Les réponses à apporter au narcotrafic ont fait objet de davantage de débats. Le gouvernement a annoncé, ou confirmé, plusieurs mesures parmi lesquelles la mise en place du statut de repenti avant la mi-janvier 2025, le rehaussement de l'amende sanctionnant les consommateurs de 200€ à 500€, le recrutement de 700 enquêteurs et 850 agents de détention supplémentaires, ou encore un alignement des réductions de peines et du régime de la libération conditionnelle des narcotrafiquants sur celui des terroristes.
"La France est en train de perdre [la] guerre", s'est alarmé le président du groupe Union des droites pour la République, Eric Ciotti. Appelant à une plus grande fermeté face au narcotrafic, il s'est prononcé pour la création de places de prison et l'imposition de peines minimales. Par la voix de Michaël Taverne, le Rassemblement national s'est, lui, prononcé pour "expulser les délinquants étrangers condamnés pour trafic de stupéfiant".

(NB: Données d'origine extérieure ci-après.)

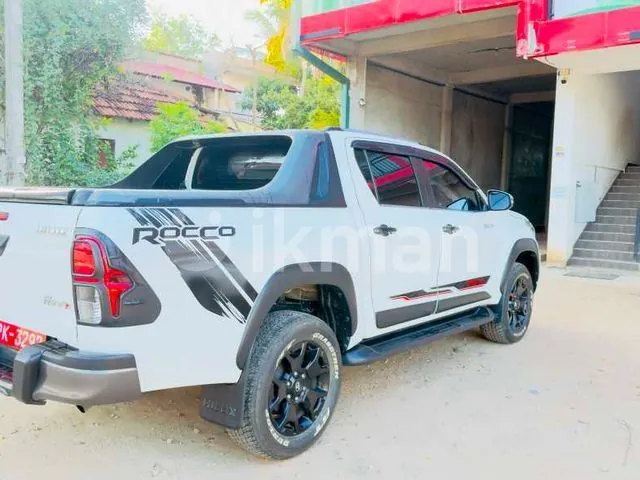 Toyota Hilux 2020 photo 2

De l'autre côté de l'hémicycle, les députés de gauche se sont inquiétés de réponses qui seraient "uniquement sécuritaires", ainsi que l'a formulé Davy Rimane (Gauche démocrate et républicaine). "Il nous faut certes frapper fort, frapper juste et frapper durablement, mais veiller fermement au respect de l'Etat de droit qui garantit la sécurité sans sacrifier les principes qui fondent notre démocratie", a mis en garde Roger Vicot (Socialistes), évoquant notamment "l'évolution débridée des technologies de surveillance".
Co-rapporteur de loi visant à sortir la France du piège du narcotrafic, adoptée en avril dernier, il a plaidé pour une "grande loi de prévention" ainsi qu'une "convention citoyenne de lutte contre le narcotrafic". "Nous n'éviterons pas un débat de fond sur la question complexe de la légalisation ou de la dépénalisation du cannabis", a enfin estimé Roger Vicot.
"Couper l'argent c'est couper le moteur du narcotrafic", a déclaré la ministre des Comptes publics, Amélie de Montchalin, qui a annoncé le renforcement de la lutte contre le blanchiment, la saisie avoirs criminels et des capacités de contrôles douaniers.
Cette volonté de "taper au portefeuille" a été largement approuvée par les députés, qui ont, eux aussi, formulé plsuieurs propositions. Pouria Amirshahi (Ecologiste et social) a ainsi défendu le "création d'un état-major dédié et d'un parquet national spécialisé" dans la lutte contre le narcotrafic. Il a également préconisé de mieux cibler les têtes de réseaux. "Vous choisissez toujours de taper sur la petite délinquance dont la main d'oeuvre sera inépuisable tant que les chefs auront les moyens d'agir", a-t-il regretté.
De son côté, Christine Lingemann (Les Démocrates) a proposé d'"instaurer une procédure d'injonction pour richesse inexpliquée, quand le train de vie d'un individu ne correspond pas à ses revenus" et de systématiser la "présomption de blanchiment". Vincent Caure (Ensemble pour la République) a quant à lui annoncé le lancement mission d'évaluation pour "une loi Narcotafic 2", afin notamment de mieux "poursuivre les commanditaires situés à l'étranger".
Enfin, la discussion a aussi porté sur la situation des territoires ultramarins, qui sont "souvent exposés en premier, car ils sont traversés par les grandes routes internationales de la drogue", a exposé la ministre des Outre-mer, Naïma Moutchou. Et d'ajouter qu'une grande partie de la lutte contre narcotrafic s'effectue dans ces territoires qui "protègent ainsi l'Hexagone".
Le trafic de stupéfiants "s'y manifeste avec une intensité accrue, avec un chômage plus élevé, une pauvreté plus massive, des services publics plus fragiles. Les Outre-mer ne sont pas des exceptions, ils agissent comme un effet loupe des dysfonctionnements nationaux", a pointé Davy Rimane (Gauche démocrate et républicaine). Le député de Guyane dénoncé une "justice sous-dotée, des délais incompatibles avec la gravité des faits et une perte de crébilité de l'institution judiciaire", demandant que davantage de moyens soient attribués à la lutte contre le narcotrafic dans ces territoires.
A l'issue du débat, la déclaration du gouvernement sur "la lutte contre le narcotrafic et la criminalité organisée" a été approuvée par les députés par 394 voix "pour", 61 "contre", et 2 abstentions (détail du scrutin à consulter ici).